Wednesday, November 23, 2011

So, you want to optimize iSCSI? Things to think about...

(Learn more about automatic optimization and Veloxum's optimization software.)

As with all optimization discussions, how you optimize iSCSI and what your assumptions are will affect the optimization’s success. Theory aside, in regard to iSCSI and increased throughput you, can gain faster speeds with Jumbo frames but you need to take the following into consideration:  
The number of spindles available and the type of RAID level in use may be more of a factor than anything else.  If you have a few spindles or created RAID (disk) groups that only use a few spindles your limiting factor will likely have nothing to do with the frame size. I have seen companies create RAID-6 groups with four spindles then wonder why performance is so poor.

Do your switches properly support Jumbo frames (do they have large enough buffers)? Some switches officially support jumbo frames (and VLANS) but the buffers are simply not adequate – there is “support” and there are products designed for Jumbo frames.
TCP and SCSI considerations:  What type of TCP congestion control is your SAN vendor using vs. what is ESX using (it is not a straightforward as you may think).
How many NICs are connected to your iSCSI SAN? Are you using MPIO?  Has MPIO been setup to change IOPS per round robin session? There are some excellent articles on iSCSI (and MPIO) that can be found in the following places that talk about these issues (I’ve included the older posts as the diagrams and explanations are helpful.):
Now assuming you have many spindles available and your switches are properly handling larger MTU -  what difference can it make?
Potentially reduces packet-processing operations by a factor of six.  A MTU size of 9000 is large enough to accommodate 8K of data and overhead.  If your VM is database, this can make a big difference.
Keep in mind that on top of pure cpu overhead in packet assembly and disassembly there is also introduced latency of the operation itself
Depending on your iSCSI vendor delayed TCP acks may not be a good setting.  Additionally consider that “something” (cpu) needs to keep track of the delayed acks.  You should check with your SAN vendor on their recommended setting.
Vendors also confirm that Jumbo MTU has a large impact.  Here is a reference http://www.netapp.com/us/library/technical-reports/tr-3409.html  (claims up to 30% throughput improvement - a bit dated but still relevant)
A seminal paper by Matthew Mathis, Jeffrey Semke, Jamshid Mahdavi, and Teunis Ott found here: http://www.psc.edu/networking/papers/model_abstract.html shows TCP throughput following the following formula
Throughput <= ~0.7 * MSS / (rtt * sqrt(packet_loss))
The equation above tells us that everything being equal, you can double your throughput by doubling the packet size.  Of course you need to enough spindles and aggregate bandwidth available to handle it.
I happen to be helping a client this weekend convert to Jumbo MTU.  They are on ESX 4.1 using Broadcom nics and Dell MD3200 storage systems.  Assuming they do not mind, I will post the results next week.

Monday, November 7, 2011

Optimizing Server Performance and Capacity: 5 Free Methods for both Physical and Virtual (VMware) Servers

Since Veloxum makes its business around server optimization to increase the performance and capacity of physical and virtual servers, people often ask us, “Do you have any free advice on how we can increase the performance and capacity of our servers?” For these people I often provide the following five (5) often overlooked free methods.

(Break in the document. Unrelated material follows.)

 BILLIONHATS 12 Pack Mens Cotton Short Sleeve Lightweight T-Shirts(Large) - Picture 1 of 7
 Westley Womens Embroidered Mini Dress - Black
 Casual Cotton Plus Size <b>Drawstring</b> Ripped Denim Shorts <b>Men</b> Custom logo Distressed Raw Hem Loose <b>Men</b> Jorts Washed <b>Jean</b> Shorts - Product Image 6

1.      Make sure your VMware tools are up-to-date on all guests. VMware’s engineers, like many others, continually improve VMware’s performance release-to-release. You cannot take advantage of those improvements if you run older versions.
2.      Place identical operating systems on the same host.  This simple tip can increase memory sharing significantly.
3.      Using iSCSI?  Have you setup your environment for JUMBO MTUs?  If your environment supports it, you can expect a 40% or greater improvement in sustainable I/O.
4.      Using shared storage?  Use vStorage APIs for Array Integration (VAAI) if possible. Review  http://kb.vmware.com/kb/1005009  and  http://kb.vmware.com/kb/1021976 for more details
5.      Another shared storage tip, perform regular virtual machine snapshot maintenance. Keep only the ones that you need - remove them if at all possible.

Lastly, one monitoring tip I always recommend: enable logging level “3” in vCenter. Several latency (delay) metrics are not available unless you do this. As you search for your own ways to increase performance these metrics will help you spot trouble areas.